Table Engines
The table engine determines the way data is organized and stored, the method and type of indexing, which queries are supported, and how they are supported, as well as some other specific features and configurations. In ByConity, the most commonly used table engines are CnchMergeTree, CnchKafka, and CnchMaterializedMySql. This article focuses on explaining the principles of these three table engines.
CnchMergeTree Table Engine
Implementation Principles
The CnchMergeTree table is the most commonly used table engine. Its core concept is similar to LSM-Tree. Data is partitioned based on the partition key (partition by) and then sorted and stored based on the sorting key (order by). Key features include:
- Logical Partitioning (Partition): If a partition key is specified, data is divided into different logical datasets (logical partitions, Partition) based on the partition key. Each logical partition can contain zero or multiple data parts (DataPart). If the query conditions can be used to prune partitions, it usually speeds up the query. If no partition key is specified, all data is stored in a single logical partition.
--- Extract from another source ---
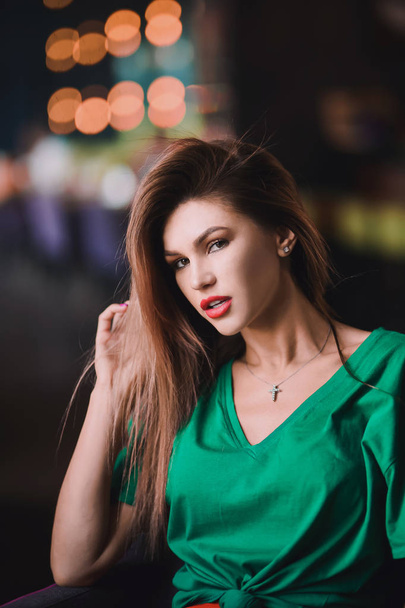 Emotional portrait of Fashion stylish sexy of  young hipster blonde woman, elegant lady, green top and red skirt, cool  girl. City view  urban lifestyle dark cafe background. - Foto, afbeelding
- Data Parts (Fragment): Data within a data part is sorted based on the sorting key. Each data part also has a min/max index to accelerate partition selection.
- Data Granules (Granule): Each data part is logically divided into granules. The default granule size is 8192 rows (determined by the table's index_granularity configuration). Granules are the smallest indivisible data sets for data queries in ByConity. The first row of each granule is marked by the primary key value of that row. ByConity creates an index file for each data part to store these markers. For each column, regardless of whether it is included in the primary key, ByConity stores similar markers. These markers allow you to directly find data in the column files. As the target of ByConity's sparse index, granules are also the smallest units for data scanning in memory.
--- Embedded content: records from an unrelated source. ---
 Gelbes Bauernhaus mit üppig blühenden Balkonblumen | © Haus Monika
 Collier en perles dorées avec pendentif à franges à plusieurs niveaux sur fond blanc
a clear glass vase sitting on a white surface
- Background Merging: Background tasks periodically merge DataParts within the same partition while maintaining the sorting order based on the sorting key. Background merging reduces the number of Parts for more efficient storage and improved query performance.
Table Creation Statement and Related Configurations
CREATE TABLE [IF NOT EXISTS] [db.]table_name
(
name1 [type1] [NULL|NOT NULL] [DEFAULT|ALIAS expr1] [compression_codec] [TTL expr1],
name2 [type2] [NULL|NOT NULL] [DEFAULT|ALIAS expr2] [compression_codec] [TTL expr2],
...
INDEX index_name1 expr1 TYPE type1(...) GRANULARITY value1,
INDEX index_name2 expr2 TYPE type2(...) GRANULARITY value2,
) ENGINE = CnchMergeTree()
ORDER BY expr
[PARTITION BY expr]
[CLUSTER BY (column, expression, ...) INTO value1 BUCKETS SPLIT_NUMBER value2 WITH_RANGE]
[PRIMARY KEY expr]
[UNIQUE KEY expr]
[SAMPLE BY expr]
[TTL expr]
[SETTINGS name=value, ...]
Designing the Partition Key (PARTITION BY)
The partition key defines partitions, which are logical datasets divided within a table based on specified rules. You can partition by any criterion, such as date. To minimize the amount of data that needs to be operated on, each partition is stored separately. During queries, ByConity tries to use the smallest subset of these partitions. The partition key is specified using the PARTITION BY expr
clause when creating the table. The partition key can be any expression involving columns in the table. For example, to partition by month, the expression would be toYYYYMM(date)
. Alternatively, you can use an expression tuple like (toMonday(date), EventType)
.
It's important to note that the range of values calculated by the partition expression in the table should not be too large (recommended to be no more than 10,000). Having too many partitions can consume significant memory and lead to increased IO and computational overhead.
Properly designing the partition key can significantly reduce the amount of data that needs to be scanned during queries. Generally, it's recommended to design the partition key based on the most commonly used conditions in queries, while ensuring that the range of values does not exceed 10,000 (such as date).
Designing the Sorting Key (ORDER BY)
The sorting key can be a tuple of columns or any expression. For example: ORDER BY (OrderID, Date)
. If no sorting is required, you can use ORDER BY tuple()
. Data within a DataPart is sorted based on the sorting key. Please note that the fields used in the order by clause cannot be modified after the table is created.
Designing the Primary Key (PRIMARY KEY)
By default, there is no need to explicitly specify the primary key. ByConity uses the sorting key as the primary key. However, in special scenarios where the primary key and sorting key differ, the primary key must be the leftmost prefix of the sorting key. For example, if the sorting key is (OrderID, Date), the primary key must be OrderID and cannot be Date. In some special table engines, such as CnchAggregatingMergeTree and CnchSummingMergeTree, the primary key may differ from the sorting key.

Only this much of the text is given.